Nathan Emerson CEO at Propertymark comments: “Spring tends to be one of the busiest times of the year for the housing market, and with inflation falling and interest rates remaining static, homebuyers have adjusted to the latest market conditions.
“This should result in a surge of new buyers, sellers, and properties coming to the market as the year progresses. This was reflected in Propertymark’s latest Housing Insight Report, which found that there has been an 18 per cent increase in the number of new properties coming to the market.
“However if inflation continues to drop to pre-pandemic levels, Propertymark is hopeful that interest rates will also start to fall, and the whirlwind of economic turbulence will finally settle for everyone once again.”
Matt Thompson, head of sales at Chestertons, says: “In March, the property market witnessed steady demand from buyers although some house hunters decided to pause their search in the hope for major incentives to be announced in the Spring Budget.
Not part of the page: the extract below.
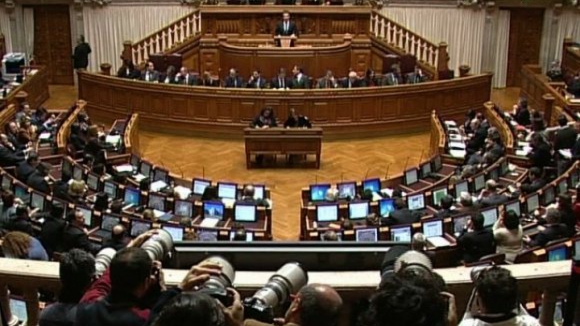 Parlamento chumba quatro projectos para revogar privatização da EGF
As this wasn’t the case, the majority of these buyers have since resumed their property search.
“As a result, March concluded the first quarter of the year with a busy property market – particularly in the capital where demand continues to outstrip supply.”
Amy Reynolds, head of sales at Richmond estate agency Antony Roberts, says: “While it’s too early to say if there’s going to be a traditional post-Easter bounce for family houses, we have noticed flats are performing better than in a long time with an increase in first-time buyer activity, which is crucial for a healthy market.
“This is mostly down to the generosity of the Bank of Mum and Dad, as this rebound in first-time buyer activity would not have been likely without parental assistance, particularly in London and the southeast.
“However, not everyone has help with their deposit, which is why lender innovation, such as the recent launch of the 99 per cent mortgage by Accord, is so crucial in getting the market moving.”